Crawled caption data
.....
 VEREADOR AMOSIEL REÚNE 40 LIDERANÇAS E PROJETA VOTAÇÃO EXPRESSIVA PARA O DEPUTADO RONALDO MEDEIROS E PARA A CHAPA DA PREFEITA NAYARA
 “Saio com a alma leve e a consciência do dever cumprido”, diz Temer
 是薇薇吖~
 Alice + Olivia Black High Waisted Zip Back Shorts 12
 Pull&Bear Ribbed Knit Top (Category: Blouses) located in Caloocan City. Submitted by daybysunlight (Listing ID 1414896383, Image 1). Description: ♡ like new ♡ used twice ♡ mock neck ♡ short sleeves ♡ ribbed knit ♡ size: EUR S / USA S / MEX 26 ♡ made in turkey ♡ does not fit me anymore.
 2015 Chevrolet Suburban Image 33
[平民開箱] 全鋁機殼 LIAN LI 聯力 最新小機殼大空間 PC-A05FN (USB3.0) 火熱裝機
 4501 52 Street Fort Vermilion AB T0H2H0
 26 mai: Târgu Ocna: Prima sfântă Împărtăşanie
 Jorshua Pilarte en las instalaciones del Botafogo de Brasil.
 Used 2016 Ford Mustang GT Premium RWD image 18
.....
> WORK INSTRUCTION:
Exactly as written, repeat each line from the beginning of the data above to the line containing "2015 Chevrolet Suburban Image 33", inclusive.

> ANSWER TO THIS TASK:
 VEREADOR AMOSIEL REÚNE 40 LIDERANÇAS E PROJETA VOTAÇÃO EXPRESSIVA PARA O DEPUTADO RONALDO MEDEIROS E PARA A CHAPA DA PREFEITA NAYARA
 “Saio com a alma leve e a consciência do dever cumprido”, diz Temer
 是薇薇吖~
 Alice + Olivia Black High Waisted Zip Back Shorts 12
 Pull&Bear Ribbed Knit Top (Category: Blouses) located in Caloocan City. Submitted by daybysunlight (Listing ID 1414896383, Image 1). Description: ♡ like new ♡ used twice ♡ mock neck ♡ short sleeves ♡ ribbed knit ♡ size: EUR S / USA S / MEX 26 ♡ made in turkey ♡ does not fit me anymore.
 2015 Chevrolet Suburban Image 33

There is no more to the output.